On Thanksgiving, the usual atmosphere was missing, or was probably actually there, but invisible behind the crowd. The enormous parking lot was entirely full; we elbowed our way through the crowd to the registration desk, where my SIL was given one of those round flashy things and a promise of a 10 minute wait. The wonderfully kitschy curio shop was SRO. I finally became claustrophobic, squeezed out on the porch to a bench, and texted my family. We stayed out there for 1 hr. and 15 minutes before getting a table. SIL said that by the time the hostess flashed his device, there was also a lengthy waiting list for flashers. I am afraid the children got to see almost nothing of the charm of the place. It was waaaay too crowded. The food, however, was excellent. Lots of raw veggie choices, fruit choices, a green bean casserole, sweet and mashed potatoes, dressing, giblet gravy, and a very moist and delicious turkey, and, of course, in Texas, juicy roast beef. The amazingly efficient waiter—no chaps, but hat, boots, and western shirt—kept our beverages topped off and brought pumpkin or pecan pie. In spite of the fact that a couple of members of the family missed out, and I’m really sorry about that, we managed to have a lot of fun!
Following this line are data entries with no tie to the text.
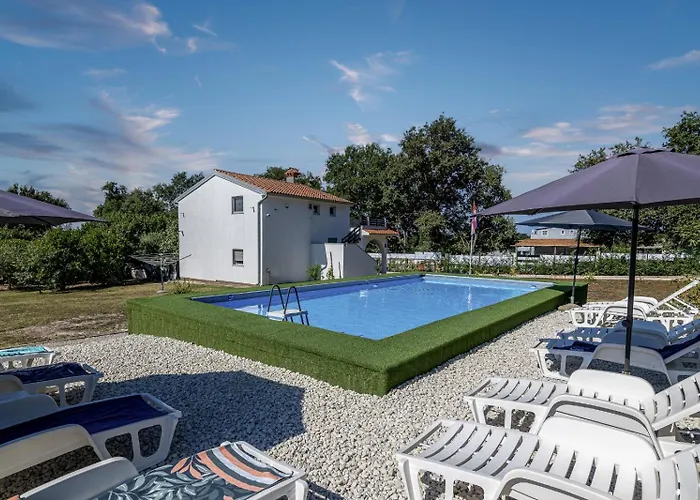 Apartment In Medulin With Terrace, Air Conditioning, W-Lan, Washing Machine 5158-1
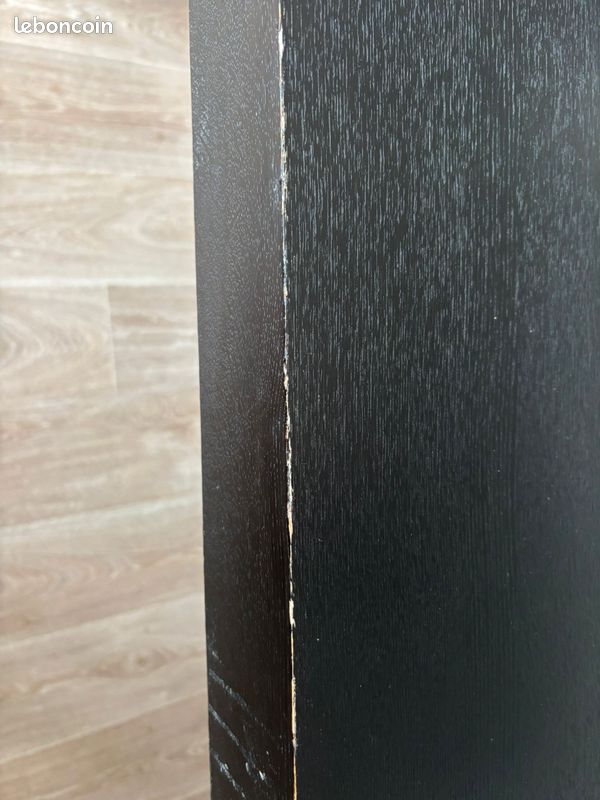Table en moins en bois massif très lourd et solide (image 6)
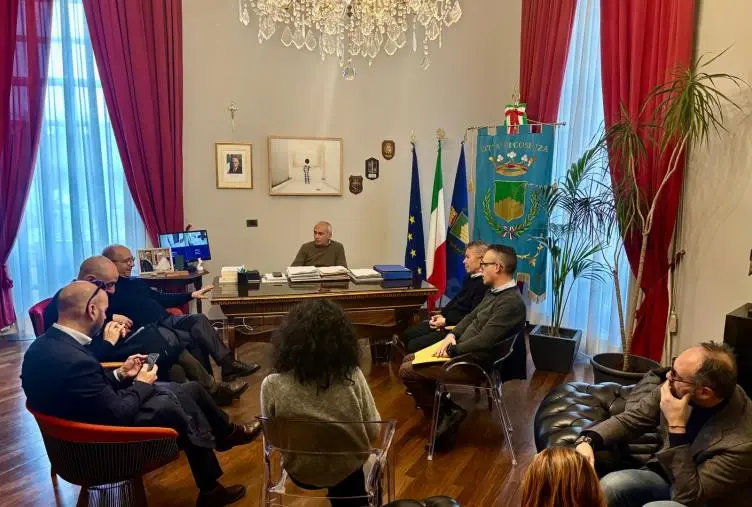 Piano di bacino del Distretto Idrografico, Caruso incontra una delegazione di sindaci del Cosentino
And, instead of doing tons of dishes and disposing of that messy turkey carcass, we spent the afternoon and evening doing this:
Yep, my DD and SIL painted their hall, and then “we” hung paintable bead board texture on the bottom. I did the pasting. This is a very short video because it was supposed to be a still picture. I’m still getting acquainted with my IPhone. Today, they completed the painting and the chair rail trim.
I took knitting and managed 3 rows of a plain stockinette sock.